WHAT YOU WILL DO:
Print the records below exactly, from the line containing "empty room with" down to the line containing "多云的一天伊斯坦布尔市著名的海湾地铁大桥慢动作全景4k土耳其", both lines included, and omit every picture.

ENTRIES SUPPLIED:
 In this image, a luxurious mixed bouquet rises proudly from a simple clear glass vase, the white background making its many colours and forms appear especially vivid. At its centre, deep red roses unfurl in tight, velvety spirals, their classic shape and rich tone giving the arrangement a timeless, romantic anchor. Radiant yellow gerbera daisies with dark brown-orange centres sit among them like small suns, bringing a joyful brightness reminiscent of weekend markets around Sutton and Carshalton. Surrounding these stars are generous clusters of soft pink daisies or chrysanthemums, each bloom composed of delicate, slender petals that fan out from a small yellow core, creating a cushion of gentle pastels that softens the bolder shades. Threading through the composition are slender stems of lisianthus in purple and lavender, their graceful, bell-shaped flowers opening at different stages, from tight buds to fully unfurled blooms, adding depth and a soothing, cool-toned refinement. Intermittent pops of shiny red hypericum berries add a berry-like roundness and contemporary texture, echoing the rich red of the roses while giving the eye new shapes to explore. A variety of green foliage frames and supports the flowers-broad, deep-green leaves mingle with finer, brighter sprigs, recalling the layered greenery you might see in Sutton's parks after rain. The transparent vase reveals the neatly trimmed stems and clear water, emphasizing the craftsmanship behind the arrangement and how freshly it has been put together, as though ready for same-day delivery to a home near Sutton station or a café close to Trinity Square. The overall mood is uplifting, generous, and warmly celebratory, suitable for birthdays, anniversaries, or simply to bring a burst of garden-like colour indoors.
--
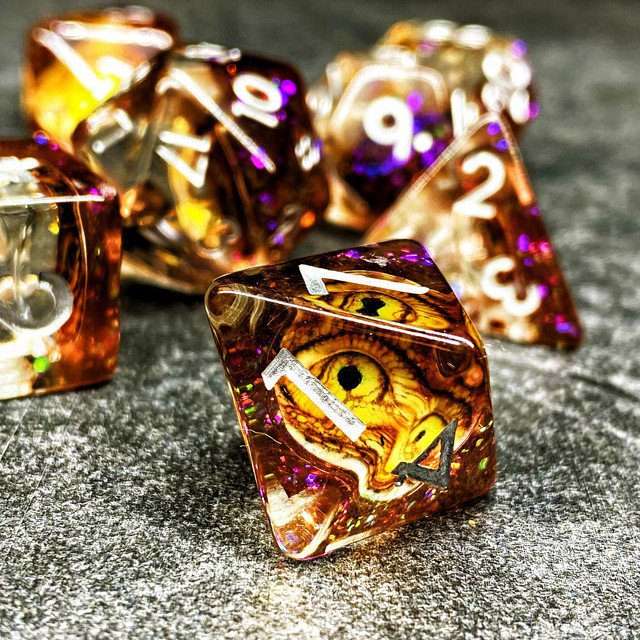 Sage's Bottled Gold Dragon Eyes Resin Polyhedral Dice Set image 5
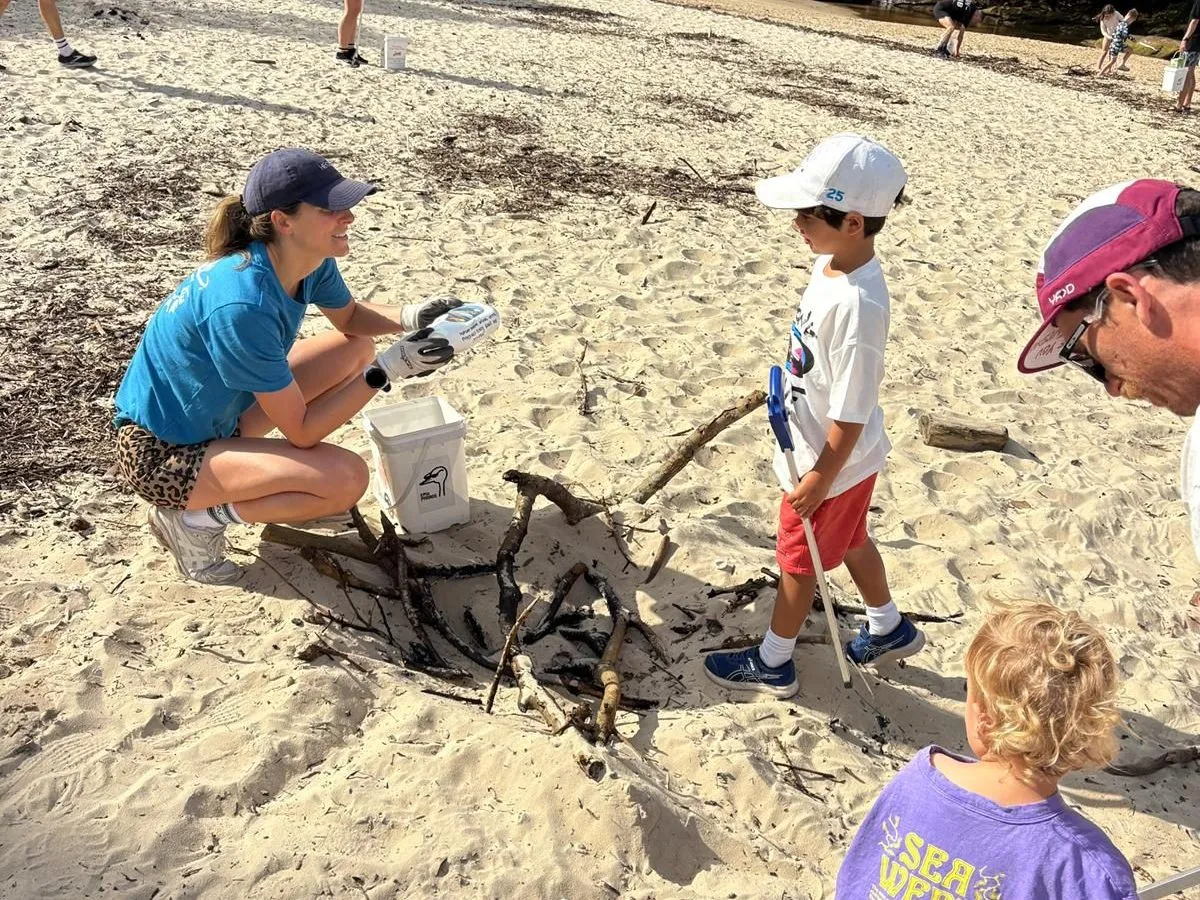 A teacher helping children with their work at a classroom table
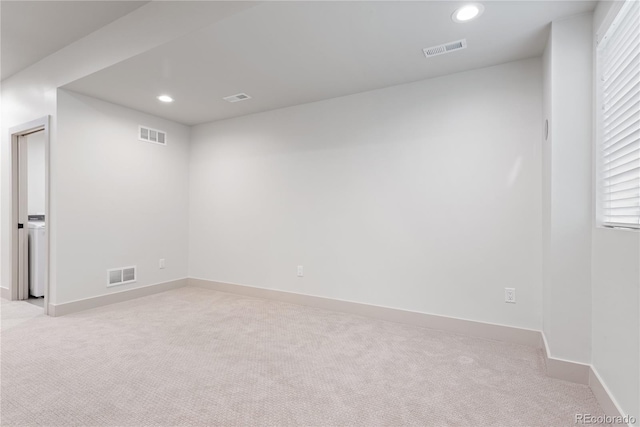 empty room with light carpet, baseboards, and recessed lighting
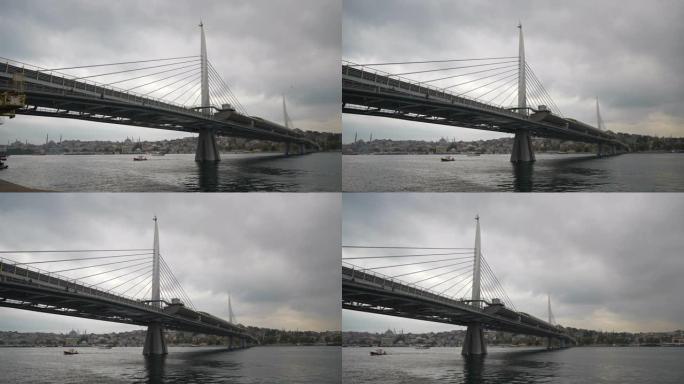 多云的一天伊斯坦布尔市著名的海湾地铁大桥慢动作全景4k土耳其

FINISHED EXERCISE:
 empty room with light carpet, baseboards, and recessed lighting
 多云的一天伊斯坦布尔市著名的海湾地铁大桥慢动作全景4k土耳其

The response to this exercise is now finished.